Amor,
he vuelto a pasar por esas calles
últimas de tu barrio tan desconocidas para mí entre las que estaba tu calle. Un
nombre que ni siquiera sé qué significa, excepto que tú viviste allí ─¿naciste
allí?─, creciste allí como una niña guapa de la que se enamoraban todos los
niños. Hay esa tarde en que un niño llora sentado en un bordillo con la
merienda en el suelo. El pan y el chocolate sin tocar que se comen los pájaros.
Hay ese momento infantil de desesperación por la belleza. Por toda la belleza
del mundo inalcanzable al alcance de la mano. Yo no conocía tu barrio, o por lo
menos aquellas calles últimas. La vía era la frontera, y Las Delicias era una
extensión imaginaria, como La Rondilla o Los Pajarillos, que me quedaban más
cerca, pero la vía era un tajo en el mapa y en el corazón.
Yo nunca había cruzado el túnel de
las Delicias cuando te conocí. Y luego, pues ya casi enseguida desaparecimos.
Huimos al otro lado del mar. No hubo ocasión de establecer esas costumbres de
ir a buscarse, o a acompañarse, o a hacerse el encontradizo en una calle más
que remota, suburbial se diría. Pero que tendrá siempre el prestigio de haber
sido tu calle. Geografías del
corazón. Y el azar me ha hecho hoy esa jugarreta, pillándome desprevenido y
quizá creyéndome a salvo en esa franja ondulante, si no del olvido, sí de la
memoria selectiva, o benevolente, embellecida por la distancia y el dolor.

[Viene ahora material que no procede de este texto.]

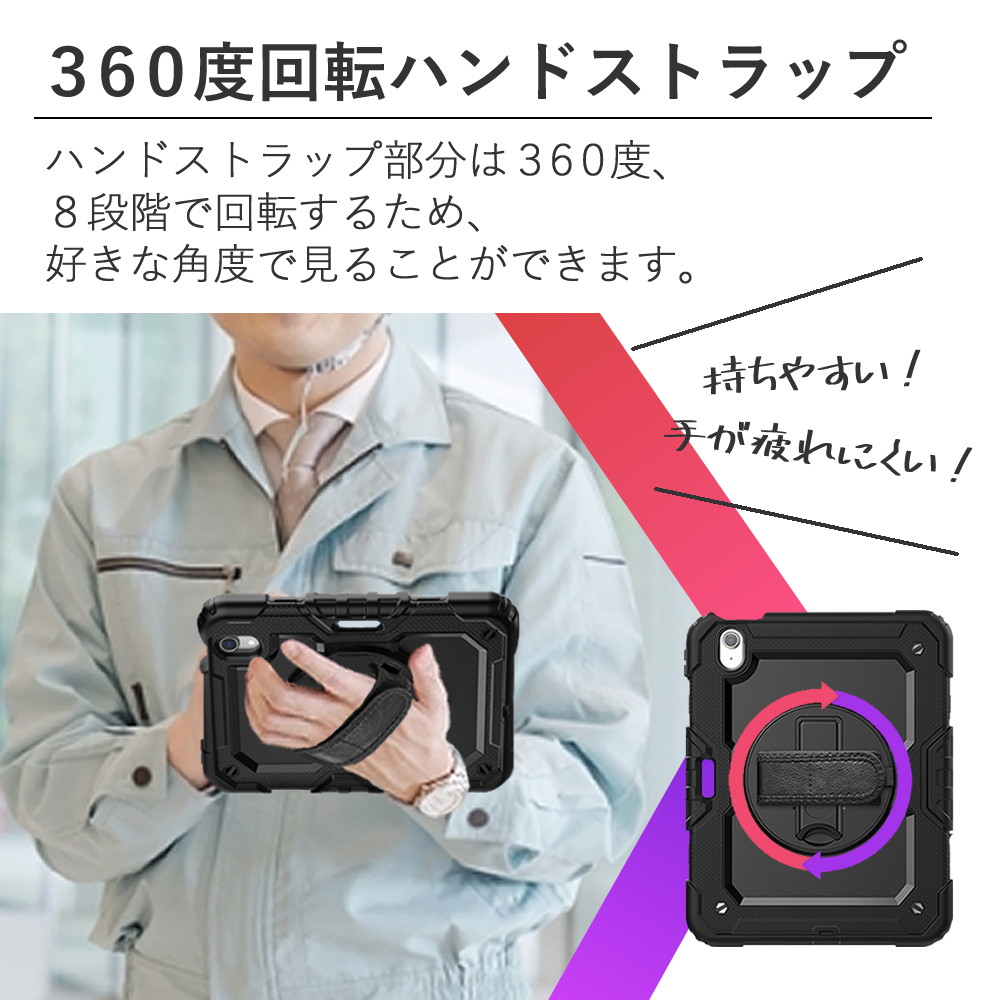メディアフューチャー iPad mini A17Pro(第7世代)/第6世代 対応 耐衝撃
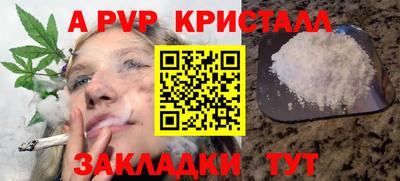 экстази Ирбит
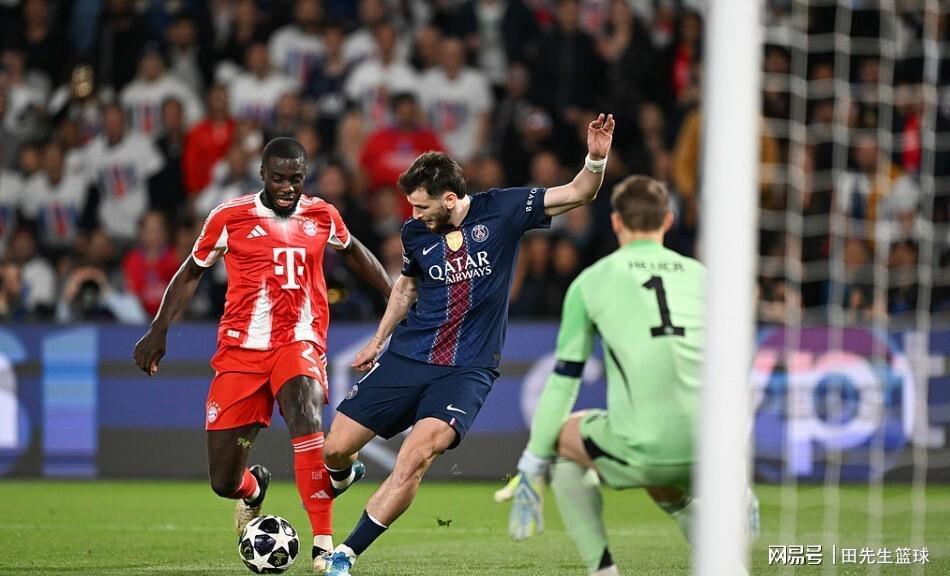 孔帕尼尽显魄力!拜仁4-5惜败大巴黎,做好三点主场翻盘仍可期!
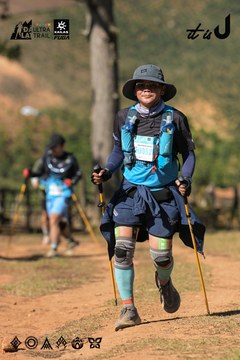 Dalat Ultra Trail 2026 - Ảnh #4715833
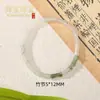 Pulseira de Jade Tianshan de Xinjiang, Jade de Seda Dourada Natural, Contas Redondas de Jade Branco, Jadeíta com Padrão de Flores, Fornecimento Atacado para Transmissão ao Vivo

Aquí morimos, aquí vivimos, aquí
fuimos otro del que somos, o del que hemos llegado a ser. Y he pasado deprisa,
buscando taxis que no llegan por allí, o al menos una parada de autobús en el
que refugiarme. Qué espanto. Qué decrepitud. Calles deterioradas, negocios
cerrados. Suciedad. ¿La ciudad está dejando morir estas ramas extremas? Y era
como si viese lo que ha pasado dentro de mí. Como si fuese yo el causante de
todo esto, por incomparecencia, por no haber querido volver. Por haber
sepultado en los suburbios del alma mi más bella historia de amor. Así que he
cerrado los ojos, rogando al cielo ser atropellado por coches que no hay,
dejando que las lágrimas busquen los toboganes donde no juegan los niños y se
deslicen y caigan con estrépito sobre el suelo. Sobre el duro y hosco y
desabrido pavimento de la desolación.